Opinion
No. 3915.
December 5, 1930. Rehearing Denied December 11, 1930.
Error from District Court, Dallas County; Towne Young, Judge.
Action by Jeannette Sueravitz against Ben Lebowitz and others. Judgment for plaintiff, and the named defendant brings error.
Affirmed.
September 17, 1925, as the result of a collision on a street in the city of Dallas between an automobile operated by an employee of W. G. Hurst and plaintiff in error, Ben Lebowitz (partners doing business as the Ford Rent Company), in which defendant in error, Jeannette Sueravitz, was a passenger for hire, and a truck operated by an employee of C. E. Harkrider (doing business as the Park Cigar Company) she (said defendant in error) suffered injury to her person. On the theory that the collision was due to actionable negligence, in ways specified in her petition filed September 14, 1927, on the part of the person operating the automobile and also on the part of the person operating the truck, said defendant in error sued Hurst and Lebowitz and also Harkrider for damages in the sum of $5,000. She afterwards dismissed her suit so far as it was against Harkrider, and prosecuted it to a judgment in her favor for said sum so far as it was against Hurst and Lebowitz. This writ of error was sued out by said Lebowitz alone. There is no statement of facts with the record sent to this court.

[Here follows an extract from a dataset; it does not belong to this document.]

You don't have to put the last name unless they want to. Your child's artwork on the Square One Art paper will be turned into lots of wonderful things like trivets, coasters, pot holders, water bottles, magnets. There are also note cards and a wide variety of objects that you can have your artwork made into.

J. P. Rice and Wm. H. Clark, Jr., both of Dallas, for plaintiff in error.
Wm. M. Cramer, of Dallas, for defendant in error.

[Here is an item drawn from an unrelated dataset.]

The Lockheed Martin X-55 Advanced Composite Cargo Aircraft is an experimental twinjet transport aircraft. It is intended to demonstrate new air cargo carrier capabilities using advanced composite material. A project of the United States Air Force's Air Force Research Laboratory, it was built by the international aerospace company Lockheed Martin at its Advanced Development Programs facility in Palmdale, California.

By the terms of article 1844, Rev.St. 1925, plaintiff in error was required, before he took the transcript from the office of the clerk of the court below, to file with said clerk "assignments of error specifying the grounds" on which he relied for a reversal of the judgment. By the terms of Rule 32 for the government of Courts of Civil Appeals, he was required to copy such assignments in the brief he filed here. This requirement he failed to comply with. It has been repeatedly held, when such assignments are not copied into the appellant's or plaintiff in error's brief, that an appellate court should consider only "errors apparent on the face of the record." Clonts v. Johnson, 116 Tex. 489, 294 S.W. 844, 846; Gladney v. Pate (Tex.Civ.App.) 29 S.W.2d 794: Dawes v. Irr. Dist. (Tex.Civ.App.) 25 S.W.2d 907; Greenwall v. Ligon (Tex.Com.App.) 14 S.W.2d 829; Devlin v. Heid Bros. (Tex.Civ.App.) 21 S.W.2d 746. Plaintiff in error has not pointed out, and we have not found, such an error in the record, and therefore cannot do otherwise than affirm the judgment.